Há outras formas de aproveitar a energia das águas. Uma delas é usar o desnível entre marés altas e baixas – é o que se denomina maremotriz. Globalmente, a primeira barragem desse tipo foi construída em 1966 no estuário do Rio Rance, na França, com capacidade de 240 MW. O Brasil desenvolveu projeto similar no estuário do Rio Bacaranga, em São Luís (MA), nos anos 1970, que não foi adiante.
Pode-se obter eletricidade também a partir do movimento das correntes marítimas, que entram e saem de estuários ou baías, ou mediante a diferença de temperatura entre águas quentes de superfície (expostas à radiação solar) e frias a profundidades de 800 a 1000 metros. Há ainda projetos que buscam aproveitar as diferentes concentrações de sal na água para gerar energia elétrica.

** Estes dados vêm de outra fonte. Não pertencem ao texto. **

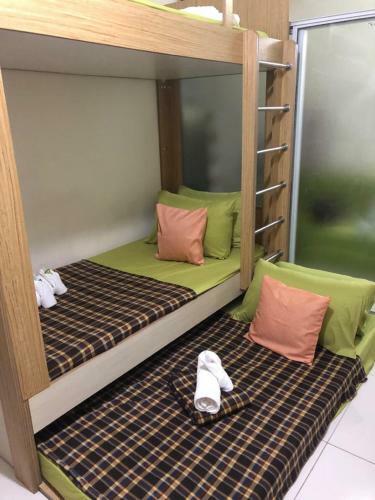 Aparthotel Affordable Hotelike Condo Unit In Metro Manila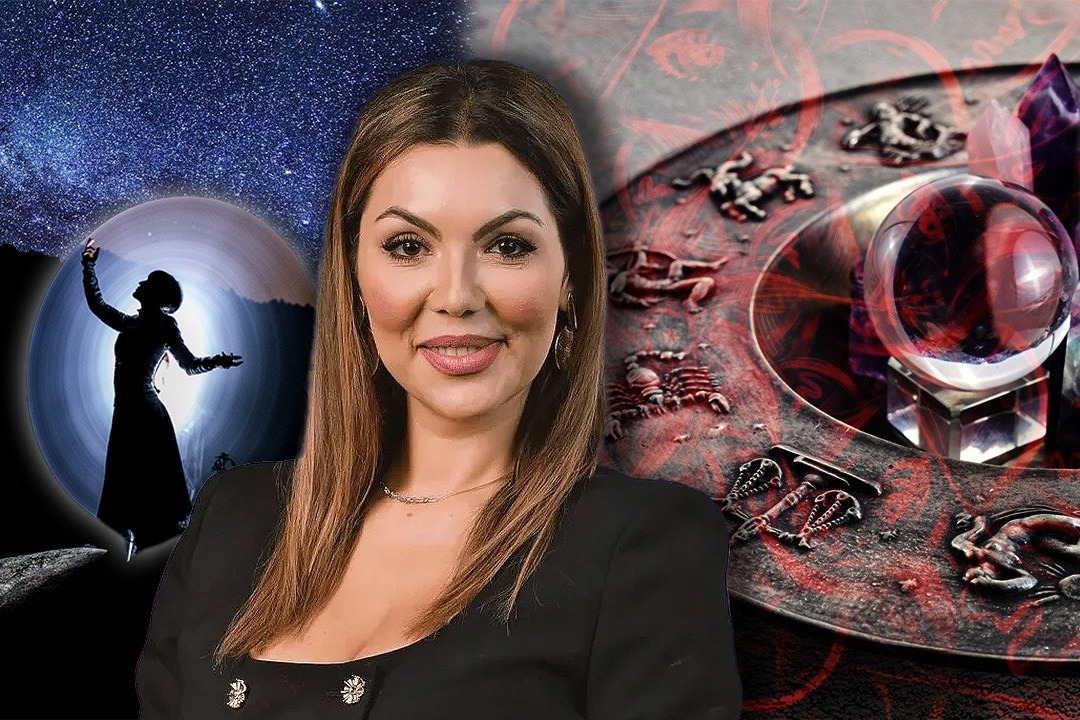 Mercur Retrograd din 9 noiembrie 2025: ce trebuie să știi și cum te poți pregăti | Analiza astrologului Sanda Ionescu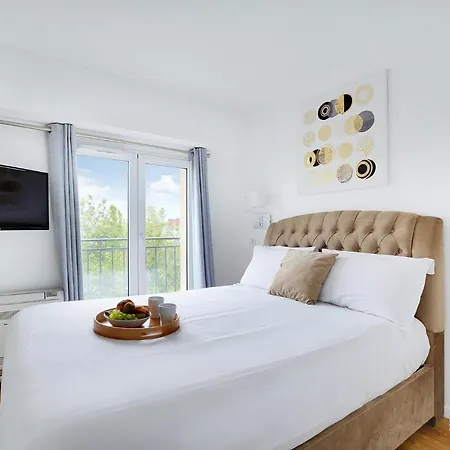 Cmg Residence Montmartre - Sacre Coeur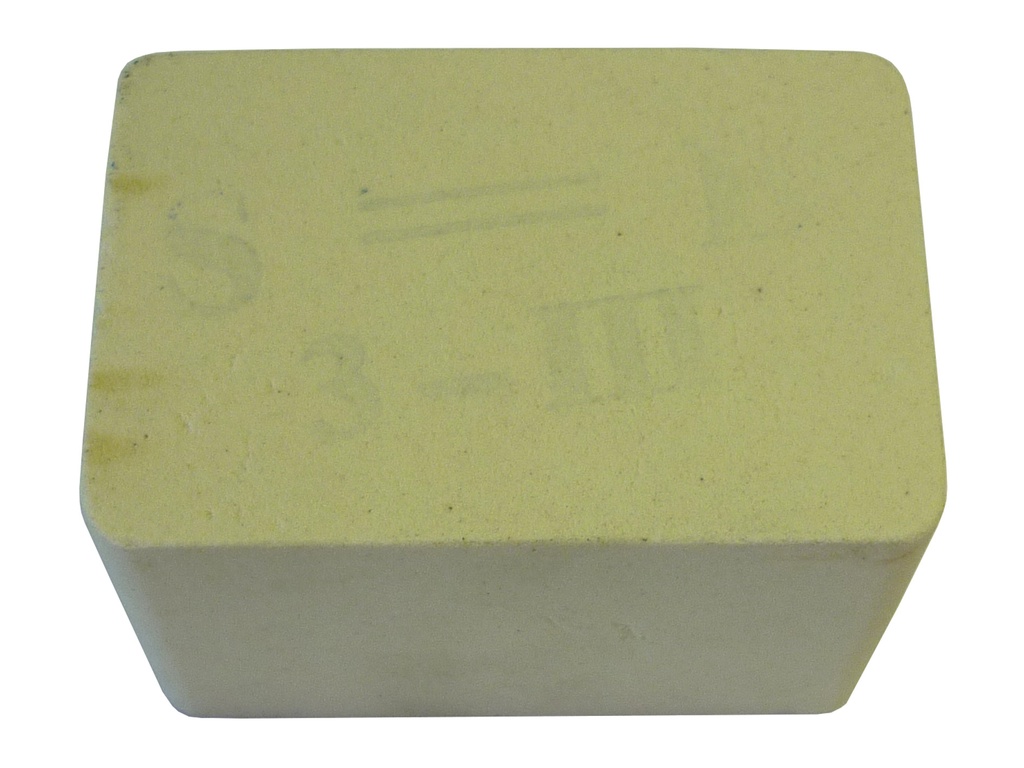 Synthetic Pumice Stone (per piece)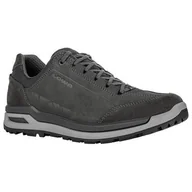Buty trekkingowe męskie - Buty trekkingowe męskie Lowa Bellagio Low Gtx - miniaturka - grafika 1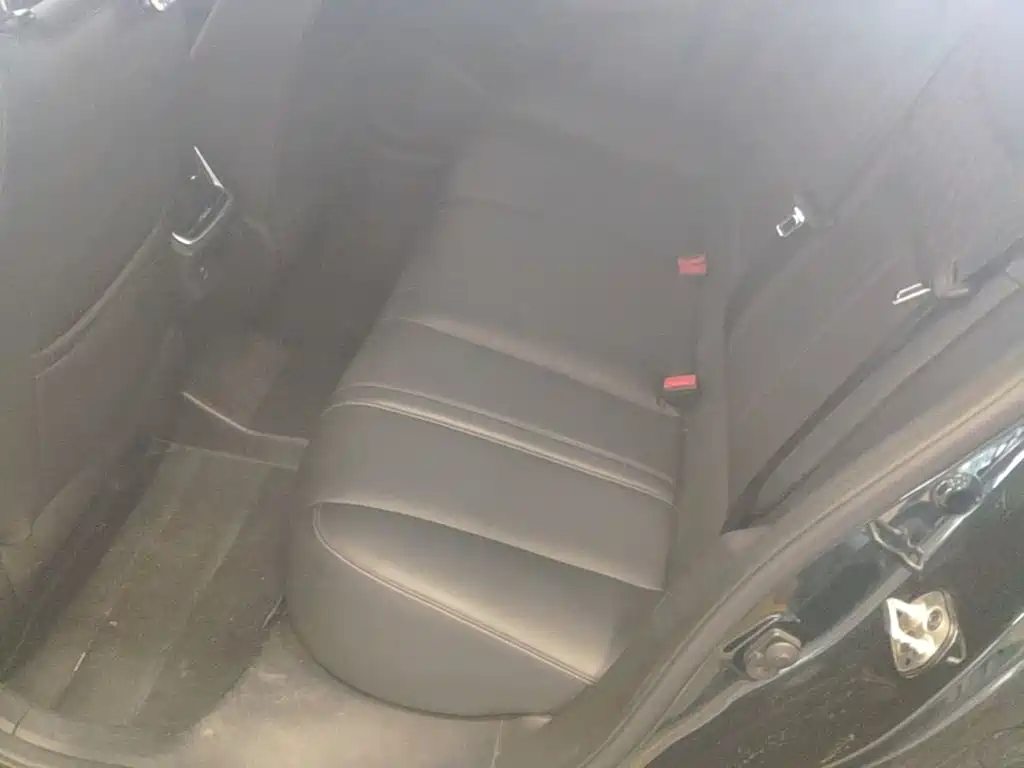 Dongfeng Aeolus Yixuan MAX 2021 2021 1.5T Super Cool Dad Edition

Em nível global, o estágio tecnológico dessas modalidades de energia dos mares não permite ainda atingir preços competitivos, o que explica a dificuldade de sua implantação em escala comercial em qualquer parte do mundo. Quando se tornar viável em grande escala, além de ajudar a frear o aquecimento global, a energia dos oceanos poderá aliviar o bolso do consumidor.
No Brasil, a opção mais usada hoje para compensar a diminuição do nível dos reservatórios hidrelétricos nos períodos de seca é a energia termelétrica, que tem custos bastante elevados e, por isso, encarece as tarifas. Além disso, a operação das usinas termelétricas depende do uso de combustíveis fósseis, como carvão e óleo diesel, o que vai na contramão da economia de carbono zero. Ampliar o leque de opções em direção a uma economia de baixo carbono é um dos principais desafios do mercado de energia, principalmente em um País que tem quase 11 mil quilômetros de costa litorânea.
Enquanto a energia dos mares não é viável em larga escala, a energia eólica onshore (em terra) está conquistando mais espaço no País. Atualmente, o Brasil ocupa a sexta posição no Ranking de Capacidade Total Instalada de Energia Eólica Onshore, do Global Wind Energy Council (GWEC). Em 2012, o País estava em 15º lugar.
De acordo com o relatório Global Wind Report 2022, no ano passado o Brasil registrou uma capacidade instalada de usinas eólicas de 21,5 mil MW, o suficiente para atender mais de cinco vezes a demanda média de energia elétrica de um estado do tamanho do Rio Grande do Sul. O País foi superado por China (310,6 mil MW), Estados Unidos (134,3 mil MW), Alemanha (56,8 mil MW), Índia (40 mil MW) e Espanha (28,3 mil MW).
Além disso, em 2021, o Brasil foi a terceira nação que mais instalou usinas eólicas, repetindo o feito de 2020, e ficando atrás da China e dos Estados Unidos. “Os dados divulgados pelo GWEC refletem o que estamos claramente vivendo no setor eólico brasileiro, que vem crescendo de forma sustentada e eficiente, com números sólidos e uma importância cada vez maior na matriz elétrica brasileira”, ressalta a presidente da Associação Brasileira de Energia Eólica (ABEEólica), Elbia Gannoum. Atualmente são 795 parques eólicos brasileiros e mais de 9 mil aerogeradores em operação. A meta é chegar até 2026 com cerca de 36 mil MW.”